The wealth of the New World soon affected the old order in Europe. In the first half of the sixteenth century Cortes overcame the Aztec empire of Mexico and Pizarro conquered the Incas of Peru. The vast mineral treasures of these lands now began to pour across the Atlantic. By channels which multiplied gold and silver flowed into Europe. So did new commodities, tobacco, potatoes, and American sugar. The old continent to which these new riches came was itself undergoing a transformation. After a long halt its population was again growing and production on the farms and in the workshops was expanding. There was. a widespread demand for more money to pay for new expeditions, new buildings, new enterprises, and new methods of government. 

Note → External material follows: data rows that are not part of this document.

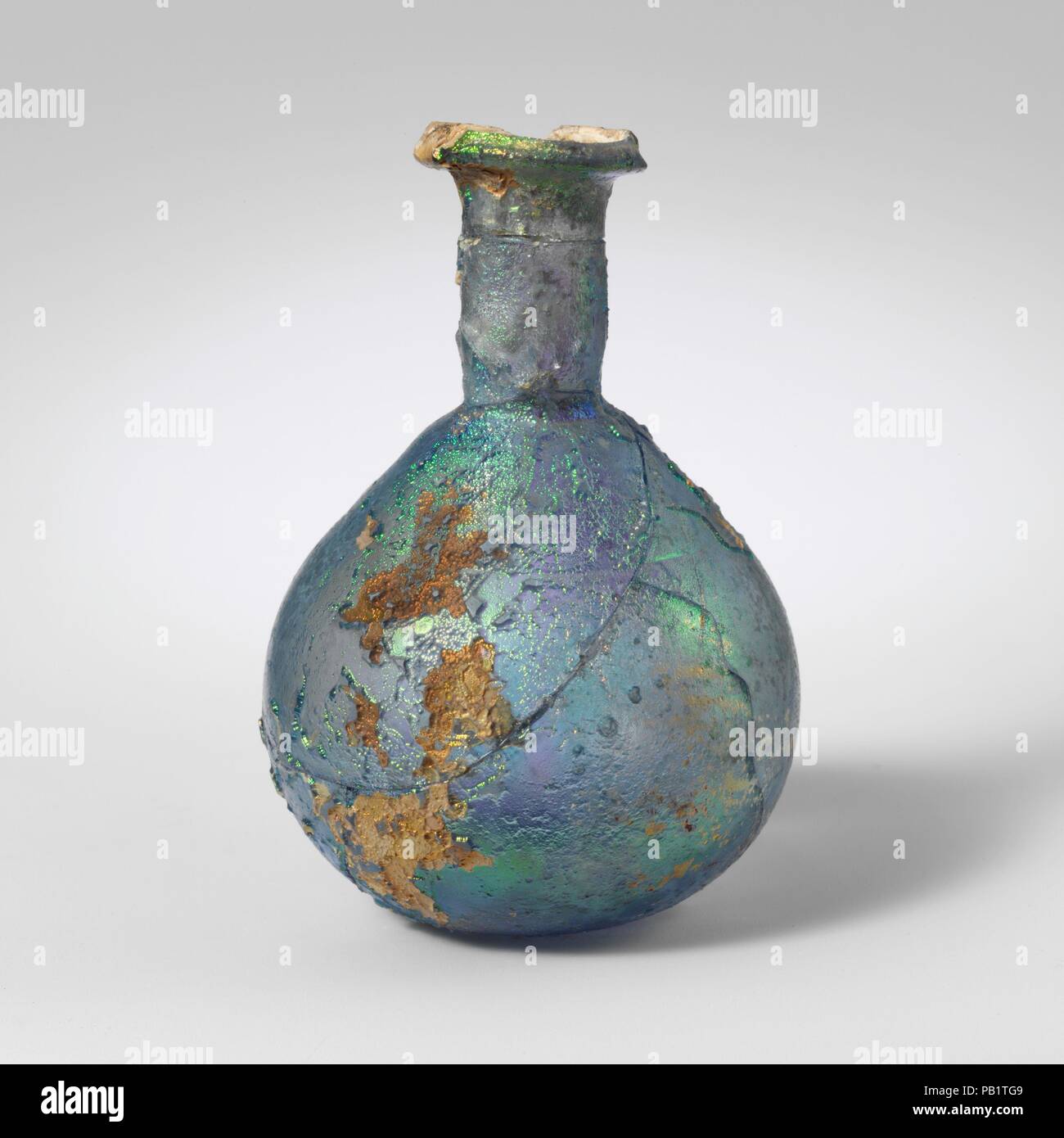 Glas Parfüm Flasche. Kultur: Roman. Abmessungen: 3 1/8 in. (7,9 cm) Durchmesser: 2 1/4 in. x 7/8 in. (5,7 x 2,2 cm). Datum: 1. Jh. N.CHR.. Transluzent blau. Schiefe rim ausgeklappt, über und mit vertikalen innere Lippe; zylindrische Hals, mit schnittspuren um Base; breite piriform Körper; flachen Boden. Rad-cut horizontale Nut um den Oberkörper. Gebrochen und repariert, mit zahlreichen Löchern und Verluste, und viele Risse; Nadelstich und größere Blasen; Mattierung, tiefe Rillen, und brillante irisierende Verwitterung. Dicke, schwere Glas. Museum: Metropolitan Museum of Art, New York, USA. Stockfoto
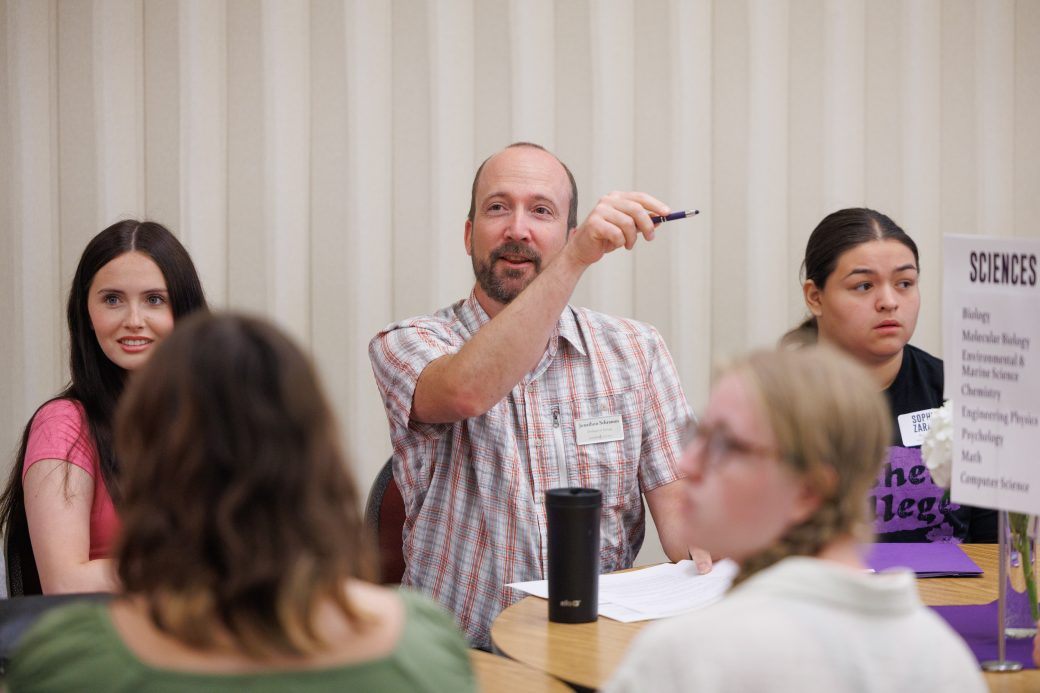 Academic advisor points to an open chair for new student ot sit in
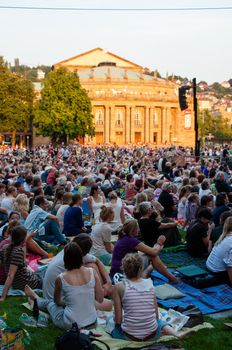 STUTTGART, GERMANY - JULY 25: More than 5.000 people are watching the public viewing of the premiere of Mozart´s opera “Don Giovanni” on a large screen in front of the Opera building in Stuttgart, Germany on July 25, 2012.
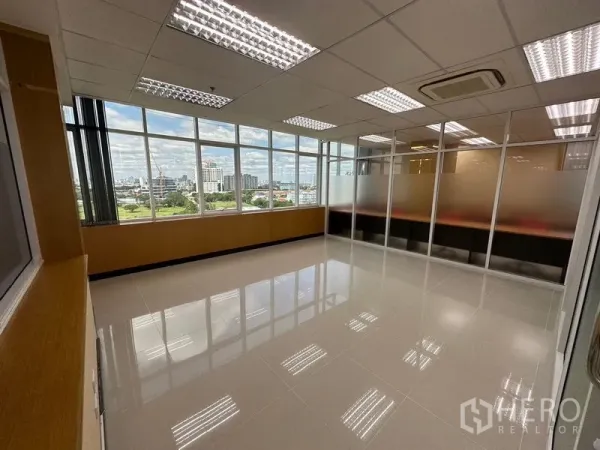 Office Space for rent in Suan Luang, Bangkok - Bright empty office with large windows, city views and ceiling cassette air-conditioning.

The manipulation of finance was little understood either by rulers or by the mass of the people, and the first recourse of impoverished princes was to debase their currency. Prices therefore rose sharply, and when Luther posted his theses at Wittenberg the value of money was already rapidly falling. Under the  impulse   of American  silver there now swept across the Continent a series of inflationary waves unparalleled until the twentieth century. The old world of landlords and peasants found it harder to carry on, and throughout Europe a new force gathered influence and honour with the overlords and began to exert its power. For merchants, traders, and bankers it was an age of opportunity. Most famous among them perhaps was the Fugger family of Germany, who gained a graceful reputation by placing their immense wealth at the service of Renaissance art. On their financial resourcefulness both Popes and Emperors at one time depended.

As ever in times of rapid inflation, there was much hardship and many difficulties in adjustment. But a strong sensation of new growth and well-being abounded, and ultimately every class benefited by the general amelioration. For a world which, a century before, had lost perhaps a third of its population by the Black Death there was a wonderful stimulus of mind and body. Men were groping their way into a larger age, with a freer interchange of more goods and services and with far greater numbers taking an effective part. 

The New World had opened its spacious doors, not only geographically by adding North and South America as places for Europe to live in, but by enlarging its whole way of life and outlook and the uses it could make of all it had.